Que reste-t-il ? Un récit qui, bien évidemment, évoque un cinéaste en pleine crise, dont on retrace la dernière soirée lors d’une fête qui va déraper, et à laquelle sont conviés les acteurs du système hollywoodiens pour un défilé satirique en forme de règlement de compte. La journaliste carnassière (inspirée de Kael), le jeune réalisateur venu vampiriser le mentor (Bogdanovich, dans un rôle qui renvoie à sa propre personne), l’équipe technique, les comédiens et jusqu’à la lolita singeant Cybill Shepherd, draguée à 19 ans par le même Bogdanovich : les références sont constantes, le tout dans un faux documentaire sur le modèle du found footage, puisqu’on est censé monter toutes les bandes (noir et blanc, couleur, vidéo…) tournées cette ultime nuit du grand réalisateur - campé par un John Huston royal.
Welles l’a dit clairement, il avance masqué : le style documentaire (caméra à l’épaule, cuts ultra radicaux, jusqu’à la nausée) ne lui correspond pas, mais semble, fiévreusement, tourner autour de sa stature de créateur et tenter de l’atteindre, notamment en sondant tous les parasites qui l’entourent.
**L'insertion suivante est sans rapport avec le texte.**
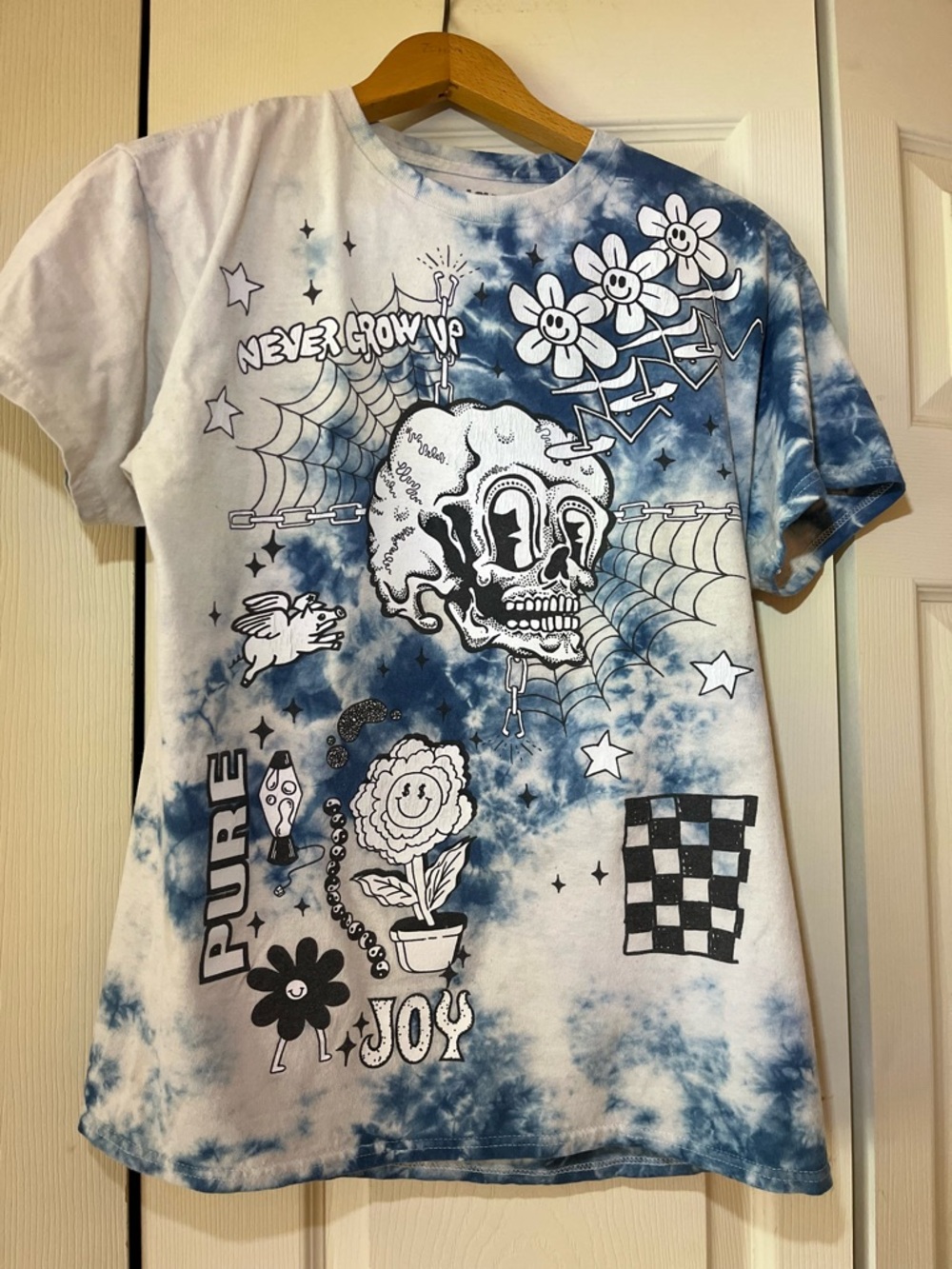 A Lab Tie-Dye Blue & White Graphic Short Sleeve Tee - Never Grow Up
On voit poindre par instants la tentation de marcher sur les terres de Cassavettes, par cette improvisation vivace et ce désir de saisir au vol une intensité dans une gradation jusqu’à la crise. Mais force est de reconnaitre qu’on n’y parvient pas vraiment.
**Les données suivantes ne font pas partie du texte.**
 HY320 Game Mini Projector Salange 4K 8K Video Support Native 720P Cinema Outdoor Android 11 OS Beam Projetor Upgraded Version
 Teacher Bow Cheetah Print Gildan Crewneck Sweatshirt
En alternance de cette nuit agitée, de larges extraits du film qu’il cherche à achever sont projetés : dans une salle de projection, dans la villa puis dans un drive in, jouant toujours de la rupture de la transgression, miroir inversé en contrepoint de cette sinistre foire aux vanités : la nature, la couleur, des plans d’ensemble, des rôles muets pour un pastiche du cinéma européen – Antonioni en tête. Puissamment érotique, comme jamais Welles ne l’a été, probablement l’apport d’Oja Kodar, sa sculpturale et jeune maîtresse créditée à l’écriture. L’occasion de séquences psychédéliques (un corps à corps torride et chromatique dans une voiture sous la pluie) ou plus perverses (une orgie très formaliste dans des toilettes publiques que ne renierait pas De Palma), autre amusement pour un cinéaste probablement fatigué de continuer sur sa propre voie où, de toute façon, personne ne le suit plus.
Le film, il faut bien le reconnaître, est éreintant, comme le fut son processus de création. La logorrhée des personnages contamine plus qu’elle ne le devrait le propos d’ensemble ; on peut, certes, tisser en permanence des liens entre cette fiction et les conditions de création de l’œuvre elle-même, et il y a évidemment quelque chose de fascinant et de très émouvant à voir exhumé le cinéma d’un grand génie du septième art après plus de quarante ans d’enfermement. Mais c’est aussi là sa limite : œuvre malade et auto-référentielle, torturée et faussement maline, The Other Side of the Wind souffre d’un handicap majeur : parce que son créateur y hurle sous de trop nombreux masques sa défaite et sa frustration, parce que le résultat final est lui-même discutable, elle reste à jamais inachevée, comme l’est notre expérience de spectateur, voyeur dans des coulisses qui auraient peut-être dû rester à l’abri des regards.